Critical to Success is defining the scope.
- What is and isn’t included
- Hours or time frame
- Tasks or elemets
- How are you going to communicate changes to scope
- What are you going to do with items outside the defined scope
Risk Collars: A strategy to cover significant overages for the firm or cost savings for client if significantly under expected cost.
Fixed Fees: A flat fee to hande either an entire matter or a whole portfolio of work. Can be particularly useul with more routinized work, especially for a specific cient.
- Can really work well if you have historic information for your pricing.
Capped Fees: Bill hourly with a hard stop.
Retainers: Seeing a comeback. Can provide budget predictability.
- Clients are afraid to pick up the phone and call because the clock starts ticking. This can help build the relationship between attorney and client.
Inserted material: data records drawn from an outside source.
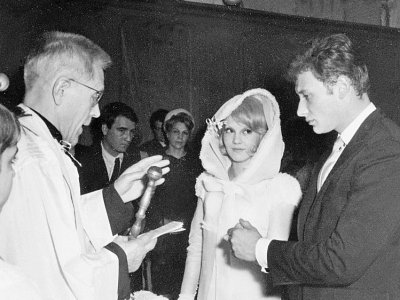 Sylvie Vartan et Johnny Hallyday sont mariés par un prêtre, le 12 avril 1965 à Loconville, petite commune de l'Oise - [AFP/Archives]
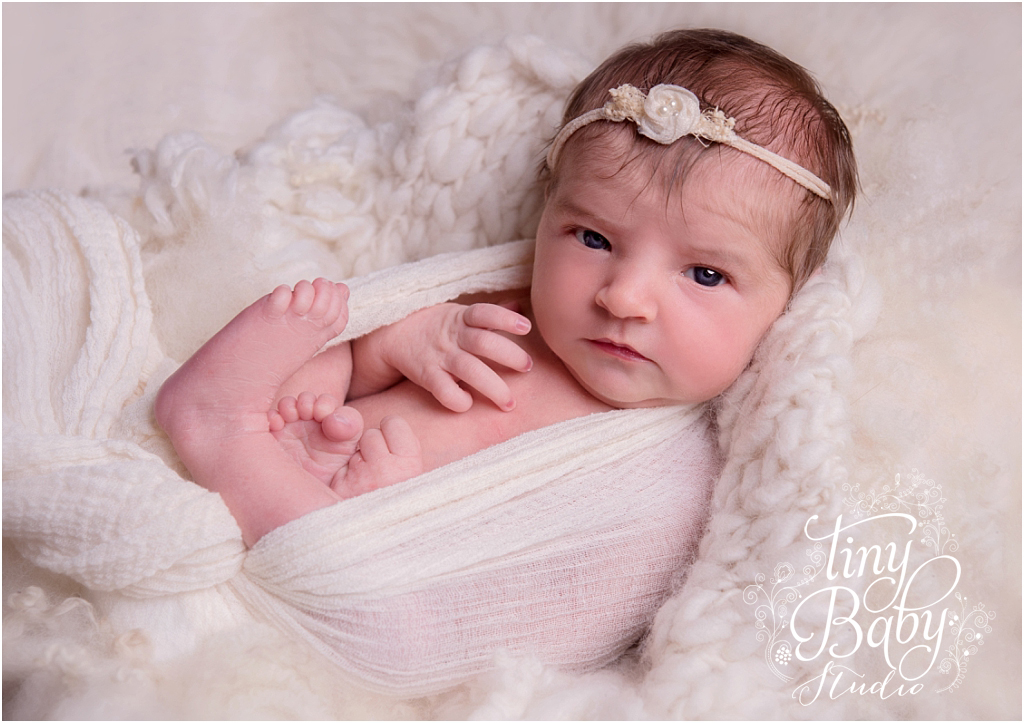 tiny-baby-studio-newcastle-newborn-photographer-wrapped-baby-girl-awake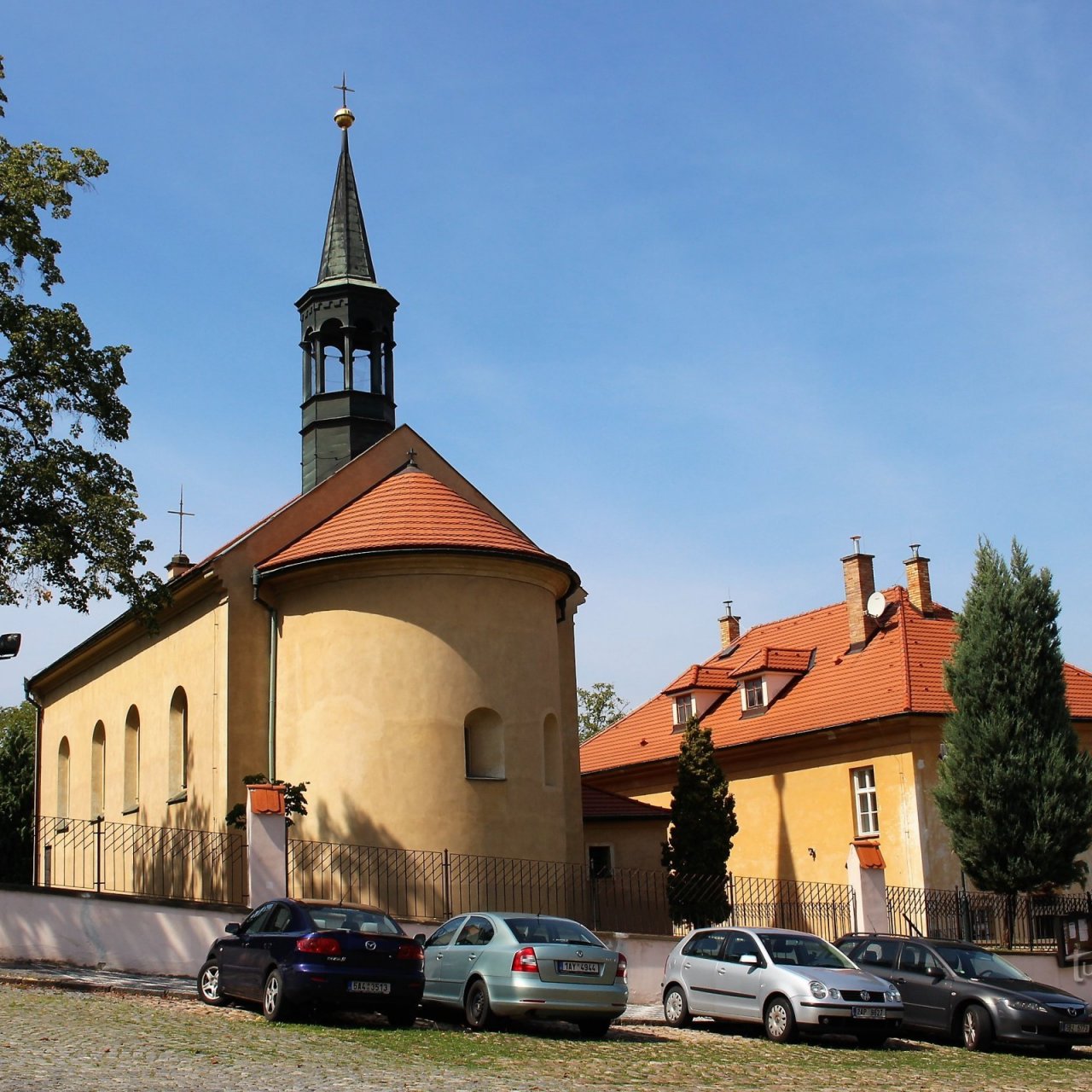 Praha-Hostivař - kostel Stětí sv. Jana Křtitele se zvonicí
Milestone Formula: Fixed feed paid for specific stages of a matter. Have to have a safety net with a risk collar. This AFA pushes the communication. Attorney and client MUST communicate through all stages.
Task-Based Billing: Fixed fees are identified and charged for each specific task in a matter.
Blended Rates: Blend all rates to create an average hourly rate for which all work is charged. OR, blend rates within each category: one rate for partners, one rate for all associates.
Volume Discounts: Do you front end it? Assume you’ll get x-amount of fees, so you start discounting from day one, or you give a rebate and/or apply it towards future bills. Make sure clients can ACCEPT the rebates.
Secondments: Embedding lawyers at the client for a fixed period of time. 20 – 40 hours per week, on site. Can do it during specific periods of time – ie 2 weeks per quarter during reporting season.
Value Billing: Submit bill that shows the total cost ot the firm and ask the client to pay what it thought the matter was worth; trust is the key.
My take away: We over think and over analyze what an alternative fee arrangement is. And, like everything else, it’s about value to, and communication with, our clients.